Artificial intelligence
algorithms have been increasingly applied
in drug development due to their efficiency and effectiveness. Deep-learning-based
drug repurposing can contribute to the identification of novel therapeutic
applications for drugs with other indications. The current study used
a trained deep-learning model to screen an FDA-approved drug library
for novel COX-2 inhibitors. Reference COX-2 data sets, composed of
active and decoy compounds, were obtained from the DUD-E database.

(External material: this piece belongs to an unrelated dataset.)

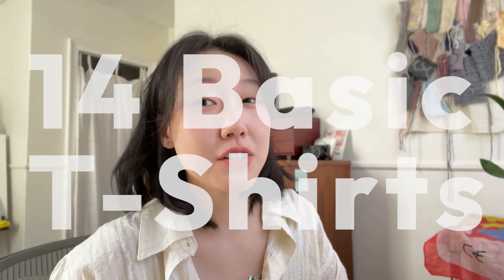Hello internet people, welcome back to Future Fiverr. This is your host Jenny and today we're going to be talking about t-shirt patterns.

To extract molecular features, compounds were subjected to RDKit,
a cheminformatic toolkit. GraphConvMol, a graph convolutional network
model from DeepChem, was applied to obtain a predictive model from
the DUD-E data sets. Then, the COX-2 inhibitory potential of the FDA-approved
drugs was predicted using the trained deep-learning model. Vismodegib,
an anticancer agent that inhibits the hedgehog signaling pathway by
binding to smoothened, was predicted to inhibit COX-2. Noticeably,
some compounds that exhibit high potential from the prediction were
known to be COX-2 inhibitors, indicating the prediction model’s
liability. To confirm the COX-2 inhibition activity of vismodegib,
molecular docking was carried out with the reference compounds of
the COX-2 inhibitor, celecoxib, and ibuprofen. Furthermore, the experimental
examination of COX-2 inhibition was also carried out using a cell
culture study. Results showed that vismodegib exhibited a highly comparable
COX-2 inhibitory activity compared to celecoxib and ibuprofen. In
conclusion, the deep-learning model can efficiently improve the virtual
screening of drugs, and vismodegib can be used as a novel COX-2 inhibitor.